Stan McChrystal, a retired U.S. Army general and former commander of U.S. and international forces in Afghanistan, is chairman of the leadership council of the Franklin Project on national service at the Aspen Institute and co-founder of McChrystal Group. This is the first in a series, "Big Ideas for a New America," in which the Washington-based think tankNew America spotlights experts' solutions to the nation's greatest challenges. The opinions expressed in this commentary are solely those of the author.
(CNN) Duty. Honor. Country. These words were chiseled in granite above me, printed on the diploma in my hands and engraved on my class ring. I had just completed a four year regimen that had been honed over 174 years to be difficult.
The year was 1976. I had just graduated from West Point. In return for four years of education, I owed the nation at least five years of Army service.
I became a "service member." But like most of my peers, I wasn't really thinking much about service. At age 21, I was more focused on the adventures ahead -- of becoming a good officer and leading soldiers.
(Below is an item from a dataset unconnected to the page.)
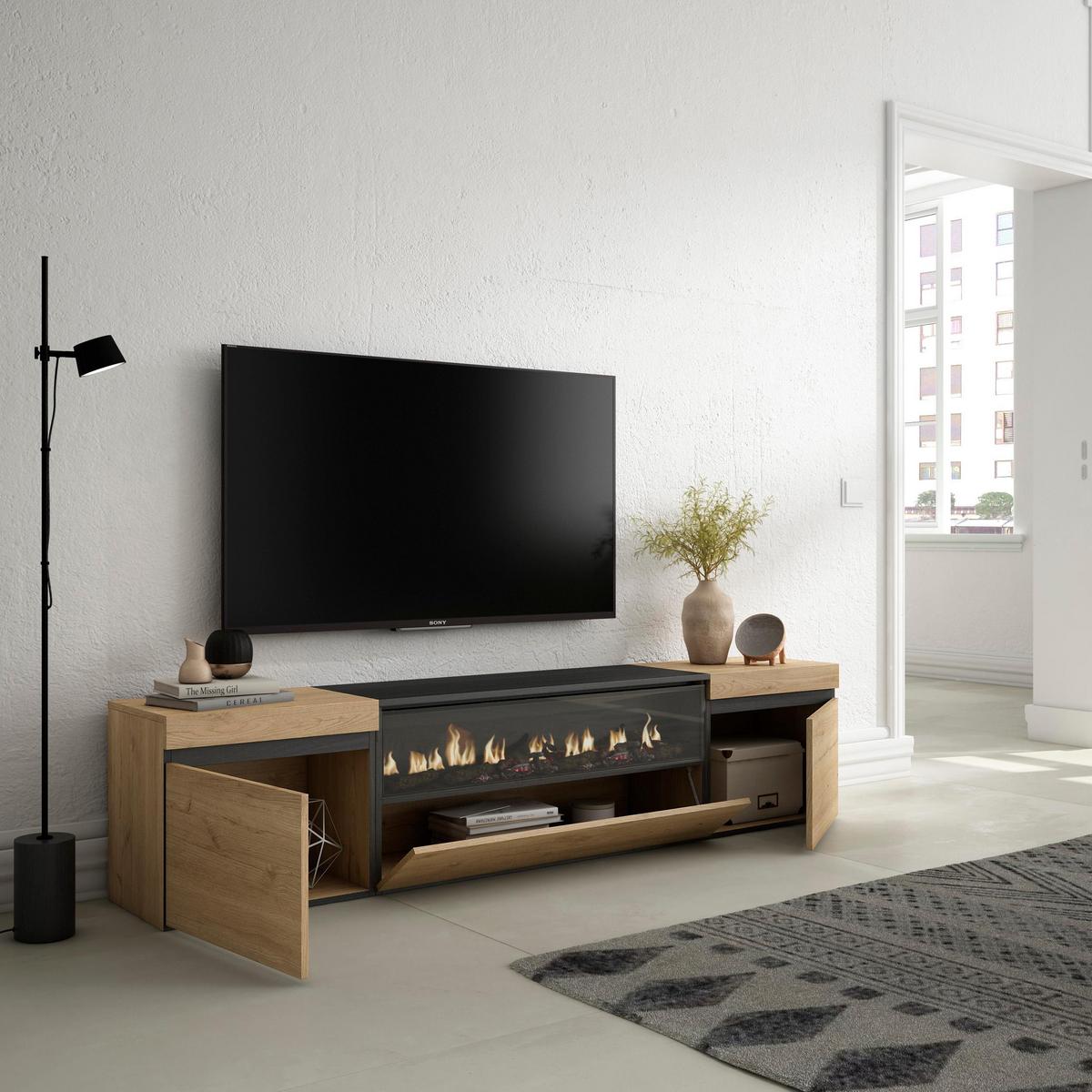LOWBOARD mit Elektrokamin, Eiche, Schwarz, 200/35/45cm - Eichefarben, Holzwerkstoff (200/45/35cm) - Skraut Home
After 34 years in the U.S. military, I learned that Armies are built soldier-by-soldier, platoon-by-platoon. Like the bricks in a house, the soldiers in each unit contribute to a great military, just as the citizens of each neighborhood help determine whether the nation stands strong. Nothing is more important than developing in our citizens a sense of responsibility to each other -- and to the nation.
The Franklin Project is an initiative that I chair at the Aspen Institute. Our goal is to have 1 million young Americans each complete a civilian service year by 2023. We envision an American version of national service that is voluntary but socially expected.
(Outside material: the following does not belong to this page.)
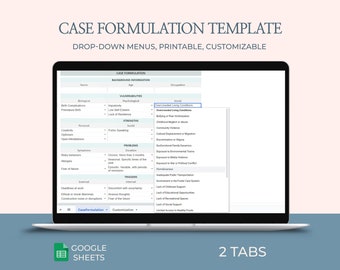 Case Formulation, Therapist templates, Therapist, Psychology therapy plan, Psychotherapist, Therapist worksheet, Mental health counseling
Today, as part of this effort, I'm calling for a few cities across the country to step up and lead by becoming Service Year Cities.
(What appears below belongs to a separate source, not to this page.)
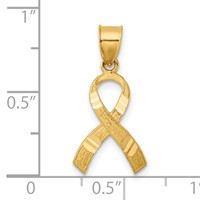 14K Yellow Gold Diamond-cut Awareness Ribbon Pendant view 4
What if, upon graduating from high school, every young person in these cities is given an opportunity to complete a service year with other young people? Each city could commit to a plan with an initial goal of having at least 25% of their graduating students from high schools stay in their communities to serve for a year.
Like many Americans, I believe our country would benefit greatly if we were to unite around a commitment to service. Creating model towns and cities of service across America could provide powerful local examples that capture our collective imagination and create ripple effects for more service opportunities.